● **Task input**
- - -
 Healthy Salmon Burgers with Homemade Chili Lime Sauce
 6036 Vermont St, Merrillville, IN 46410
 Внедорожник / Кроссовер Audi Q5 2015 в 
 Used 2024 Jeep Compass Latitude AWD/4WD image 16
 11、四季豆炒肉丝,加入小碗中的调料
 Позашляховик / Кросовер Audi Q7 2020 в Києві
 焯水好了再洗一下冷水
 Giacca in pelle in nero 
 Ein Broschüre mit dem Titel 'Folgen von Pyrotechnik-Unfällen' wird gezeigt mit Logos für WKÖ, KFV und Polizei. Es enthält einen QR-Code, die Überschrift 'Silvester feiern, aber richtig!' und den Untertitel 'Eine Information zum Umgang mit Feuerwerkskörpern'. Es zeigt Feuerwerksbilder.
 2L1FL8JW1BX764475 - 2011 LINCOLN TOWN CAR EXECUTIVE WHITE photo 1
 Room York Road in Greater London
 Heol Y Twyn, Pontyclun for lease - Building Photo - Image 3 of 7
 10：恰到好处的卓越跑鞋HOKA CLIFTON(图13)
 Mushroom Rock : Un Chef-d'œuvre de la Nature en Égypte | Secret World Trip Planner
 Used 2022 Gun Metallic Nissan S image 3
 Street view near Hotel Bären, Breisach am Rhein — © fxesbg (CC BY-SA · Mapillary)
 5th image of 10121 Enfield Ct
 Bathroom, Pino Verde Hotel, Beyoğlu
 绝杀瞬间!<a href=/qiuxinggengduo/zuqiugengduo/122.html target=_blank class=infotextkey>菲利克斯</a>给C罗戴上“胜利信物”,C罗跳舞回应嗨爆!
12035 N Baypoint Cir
- - -
● **Task directions**
Only the line that contains "Mushroom Rock : Un" and the lines after it, through the end of the data above, are to be repeated exactly.

● **Task result**
 Mushroom Rock : Un Chef-d'œuvre de la Nature en Égypte | Secret World Trip Planner
 Used 2022 Gun Metallic Nissan S image 3
 Street view near Hotel Bären, Breisach am Rhein — © fxesbg (CC BY-SA · Mapillary)
 5th image of 10121 Enfield Ct
 Bathroom, Pino Verde Hotel, Beyoğlu
 绝杀瞬间!<a href=/qiuxinggengduo/zuqiugengduo/122.html target=_blank class=infotextkey>菲利克斯</a>给C罗戴上“胜利信物”,C罗跳舞回应嗨爆!
12035 N Baypoint Cir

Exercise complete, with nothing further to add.